RAG: giving models the right context, not all of it
Retrieval-augmented generation explained, chunking, embedding, retrieval, and the discipline of feeding a model only the context a task actually needs.
A language model knows what it was trained on. It does not know what happened in your database last Tuesday. Retrieval-augmented generation, RAG, is how you close that gap without turning every prompt into an encyclopedia dump.
The idea is simple: before asking the model a question, fetch the pieces of your data that are actually relevant to that question, and include only those pieces in the prompt. The model reasons over real information rather than confabulating from stale weights. Done well, RAG makes answers more accurate, more grounded, and far cheaper than alternatives like full fine-tuning or unbounded context windows.
A model doesn’t need all your data. It needs the right slice of it, right now.
The four-step pipeline
Every RAG implementation, regardless of tooling, follows the same shape.
Chunk. Raw documents are split into smaller units, paragraphs, sections, sliding windows of sentences. The unit size matters more than most teams expect. Chunks that are too large pull in irrelevant sentences that dilute the signal. Chunks that are too small lose the surrounding context that gives a sentence meaning. The right size depends on the content type: dense technical prose often needs larger chunks than FAQ entries.
Embed. Each chunk is passed through an embedding model to produce a vector, a compact numerical representation of the chunk’s meaning. Semantically similar chunks end up close together in this vector space, which is what makes retrieval by meaning rather than keyword possible. The embedding model you choose should match the domain; a model trained on general web text may not capture the vocabulary of your internal engineering docs.
Store. The vectors (and the original text they came from) live in a vector store. Indexes are built over the vectors so that nearest-neighbour queries can run fast at scale. For a deeper look at how these stores work, see the vector databases and embeddings guide.
Retrieve and ground. At inference time, the user’s query is embedded with the same model, and the store returns the top-k most similar chunks. Those chunks are injected into the prompt as context. The model reads them and produces an answer grounded in that material rather than in vague training-time associations.
-
Chunkingsignal density, too big loses precision, too small loses meaning -
Embeddingsemantic resolution, domain match matters -
Vector storeretrieval speed and freshness -
Top-k retrievalhow many chunks reach the prompt -
Prompt assemblyhow context is ordered and framed for the model
Where RAG goes wrong
The pipeline looks straightforward. In practice, three failure modes account for most degraded RAG outputs.
Bad chunking. Splitting at arbitrary token counts, rather than at semantic boundaries like headings or paragraphs, creates chunks that start mid-thought or end before the key fact. The retrieved chunk looks relevant by embedding distance but is missing the sentence that actually answers the question.

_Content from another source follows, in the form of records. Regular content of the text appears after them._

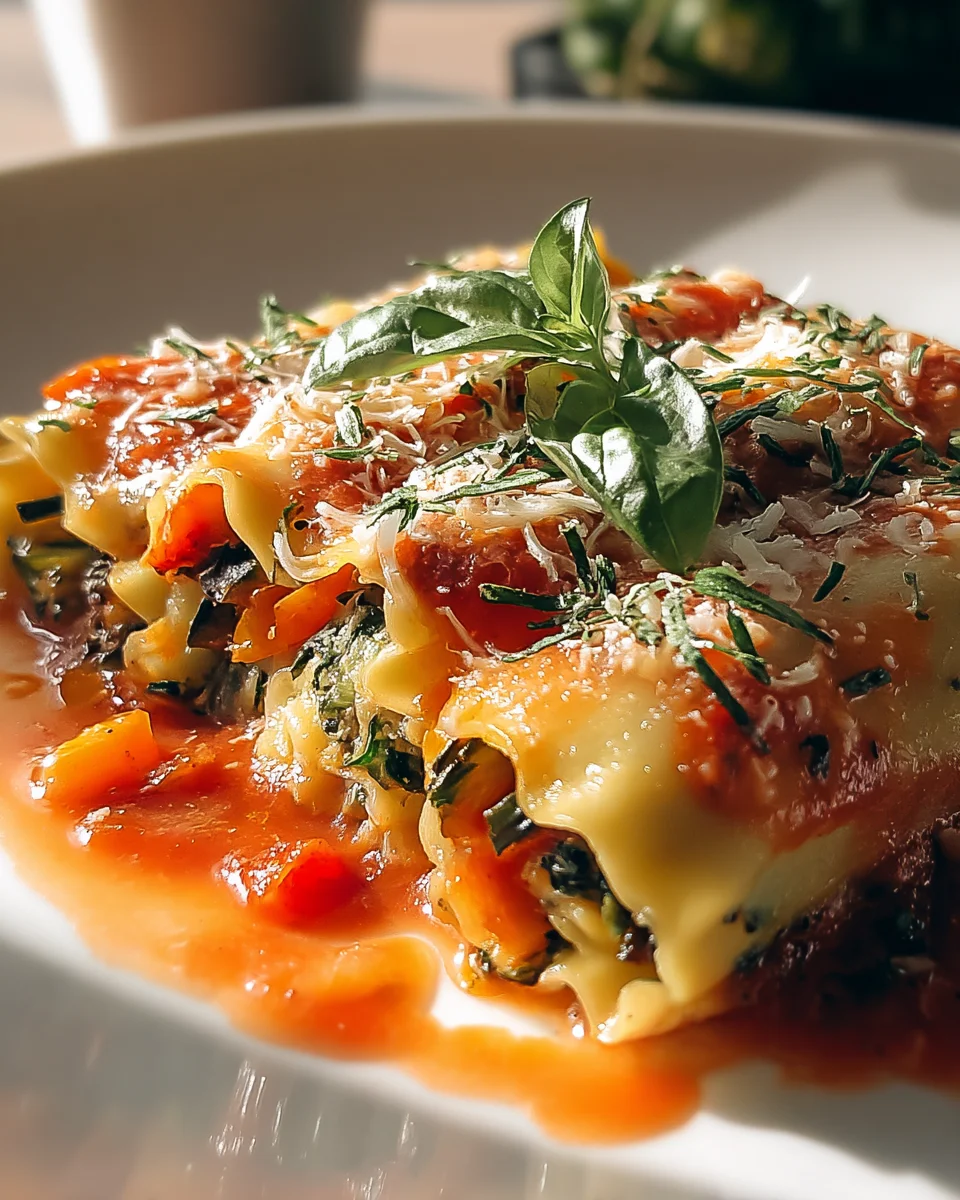 Leckere Gemüse Cannelloni – Einfach und herzhaft!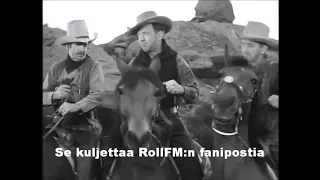 RollFM Western ohjelman mainos
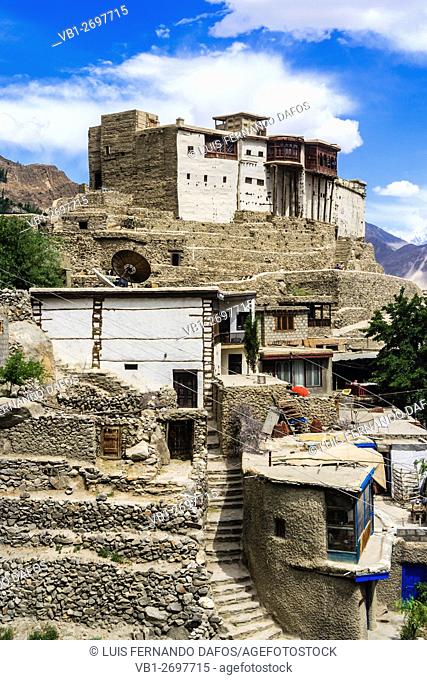 Baltit Fort, Hunza Valley, Karakoram Range, Karimabad, Pakistan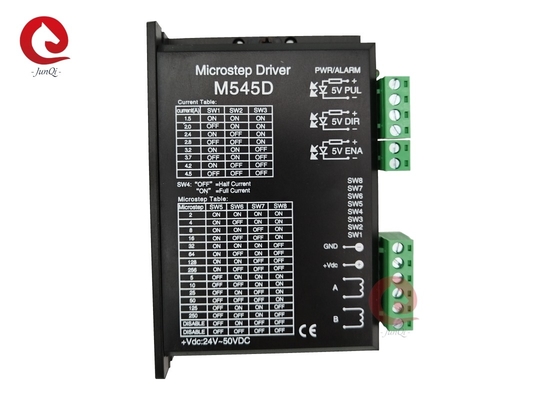 M545D CW5045 เวอร์ชั่นที่อัพเดท 18-50VDC 1.5-4.5A 1/256 Microstep Stepping Motor Driver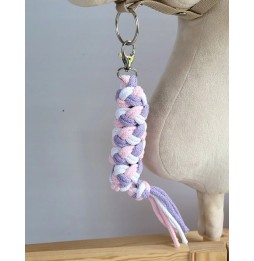 Cătușă pentru Hobby Horse roz violet alb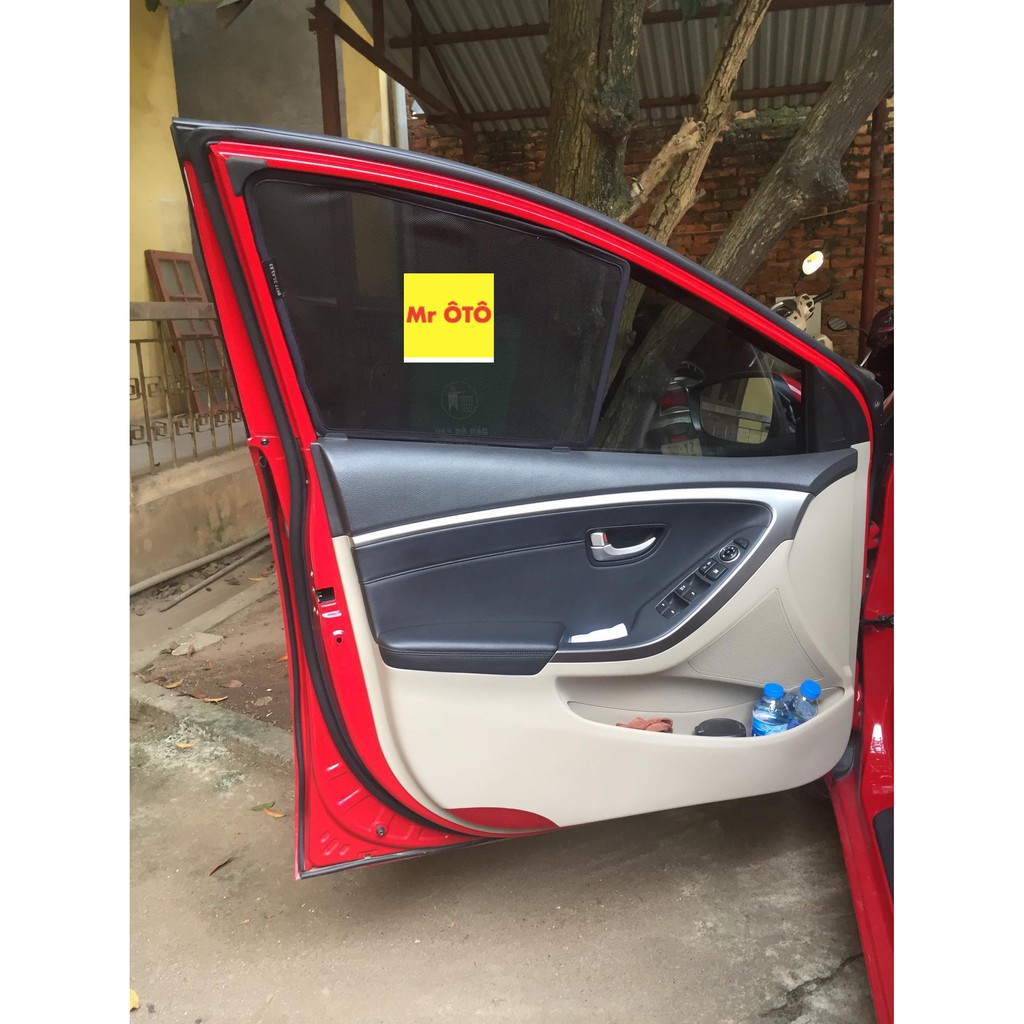 Rèm Che Nắng  Xe Hyundai i30 2015-2019 chống UV [tặng khăn lau xe] Hàng Loại 1 MR.ÔTÔ -Bảo Hành 2 Năm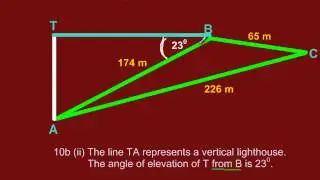 CSEC CXC Maths Past Paper 2 Ques 10b(ii) Jan 2013 Exam (Answers)_ by Will EduTech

Retrieving too much. There is a temptation to raise k and throw everything at the model “just in case.” The result is a bloated prompt where the genuinely relevant passage is buried in marginally-related context. Models attend unevenly over long contexts; the useful signal gets diluted. Tight, targeted retrieval consistently outperforms broad retrieval, both in quality and in cost.
Stale indexes. If the underlying data changes and the index is not updated, retrieval returns answers grounded in yesterday’s state of the world. For live operational data, prices, inventory, user records, index freshness is as important as retrieval accuracy. Either re-index on write or accept that some queries need a real-time lookup rather than a vector search.
The discipline of relevant, not exhaustive
The failure modes above share a root cause: treating retrieval as “get as much as possible” rather than “get exactly what is needed.” RAG is most powerful when it is treated as a filtering problem. The vector store is not a shortcut to dump your whole knowledge base into the prompt, it is a precision instrument for isolating the fragment of your data that makes a particular answer trustworthy.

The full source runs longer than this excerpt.